(Dataset items)
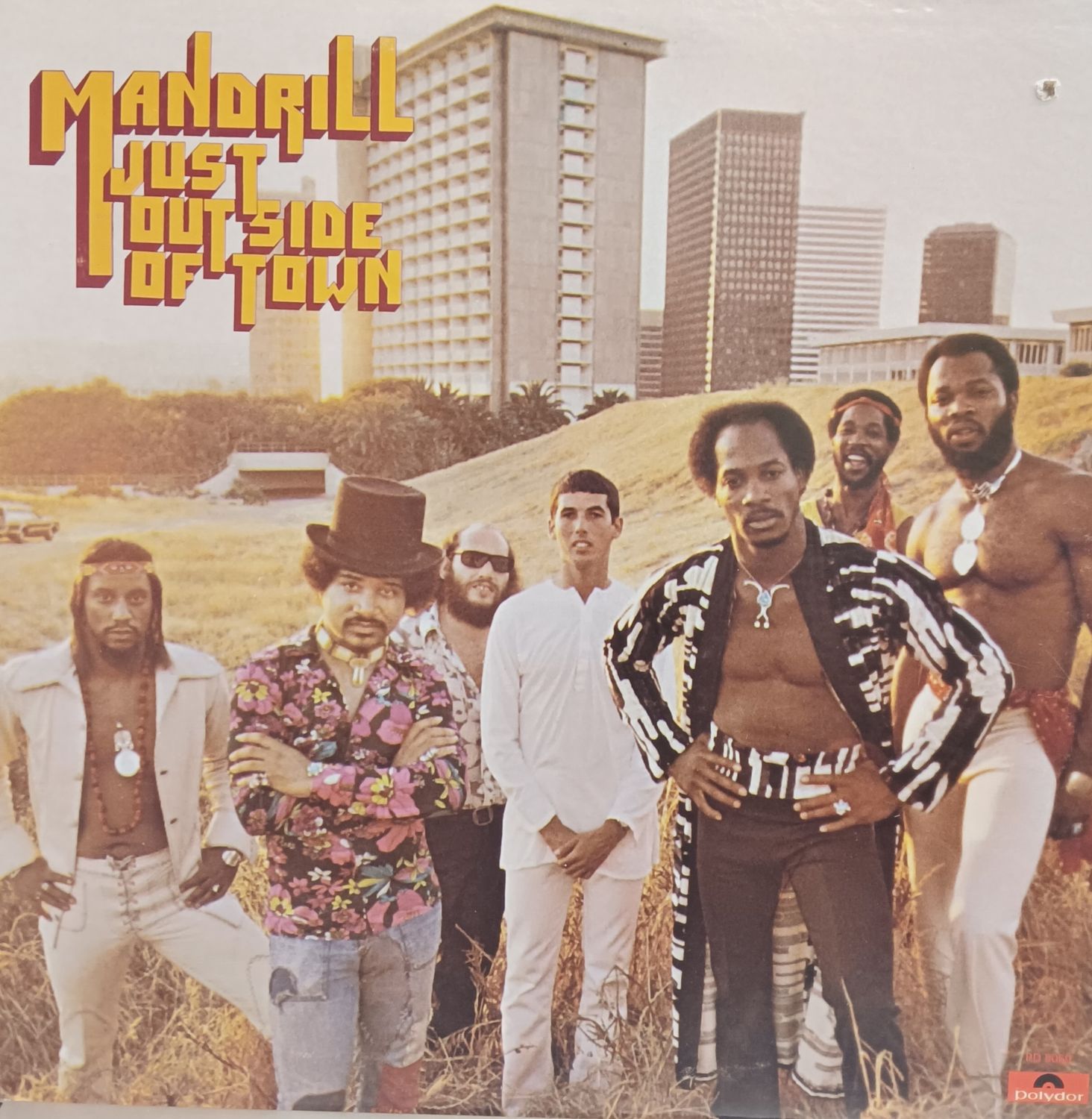 MANDRILL - JUST OUTSIDE OF TOWN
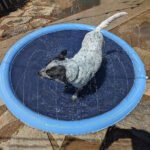Tapis Splash Antidérapant avec Arroseur pour Enfants et Chiens – Piscine pour Chien et Pataugeoire – Image 14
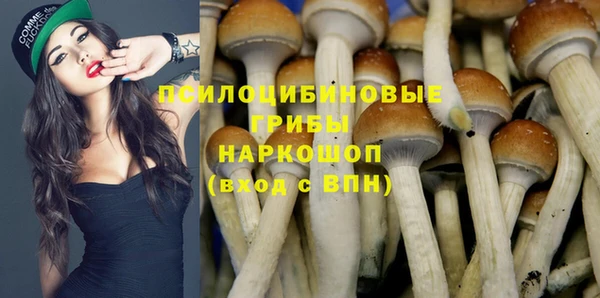 прущий лед Алексин
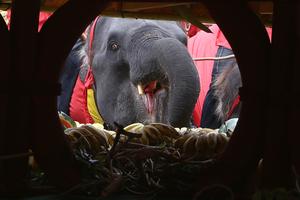 TAILANDIA-PATTAYA-DIA NACIONAL DEL ELEFANTE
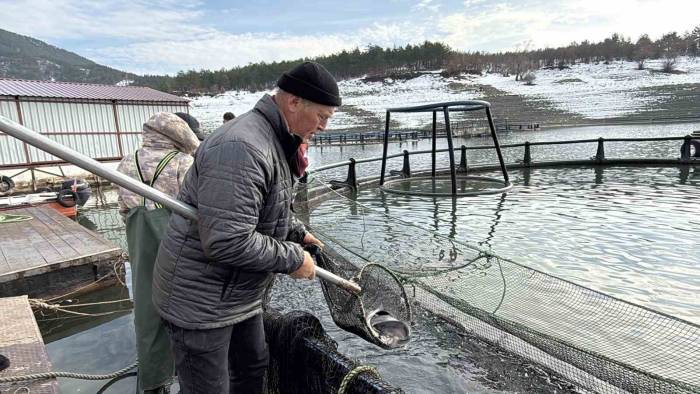 Deniz Olmayan Tokat’ta Balıkçıların Bayram Mesaisi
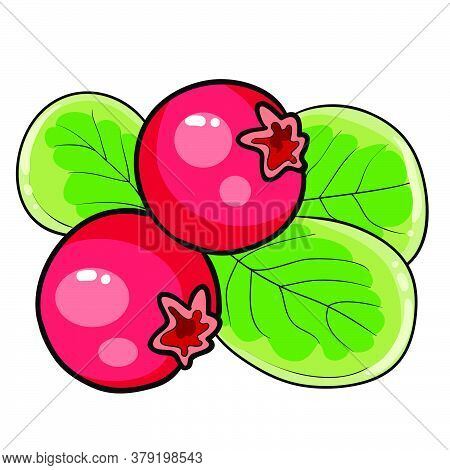 Redberry On A Bush With Green Leaves, Cartoon Illustration, Isolated Object On White Background, Vec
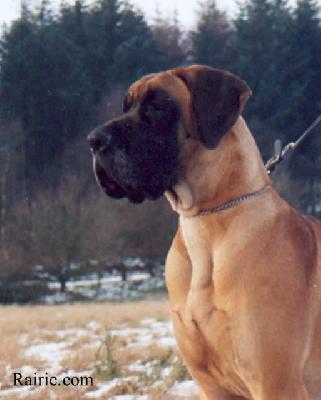 Ch Pauline Des Terres De La Rairie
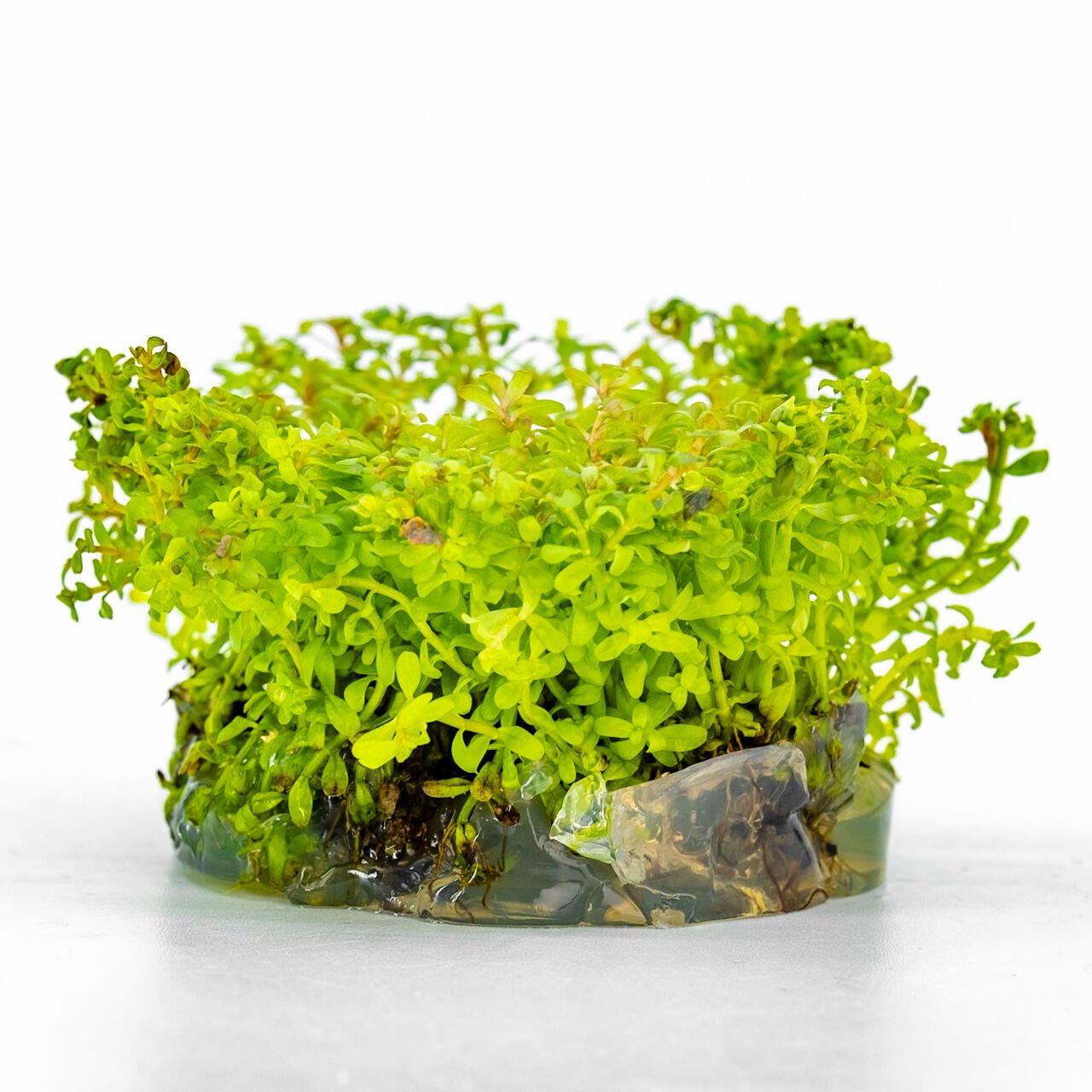 Rotala wayanad IN VITRO CUP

(What is being asked) Reproduce the lines from the line containing "TAILANDIA-PATTAYA-DIA NACIONAL DEL ELEFANTE" through the end of the records above, exactly and inclusively, omitting pictures.

(Answer to this task)
 TAILANDIA-PATTAYA-DIA NACIONAL DEL ELEFANTE
 Deniz Olmayan Tokat’ta Balıkçıların Bayram Mesaisi
 Redberry On A Bush With Green Leaves, Cartoon Illustration, Isolated Object On White Background, Vec
 Ch Pauline Des Terres De La Rairie
 Rotala wayanad IN VITRO CUP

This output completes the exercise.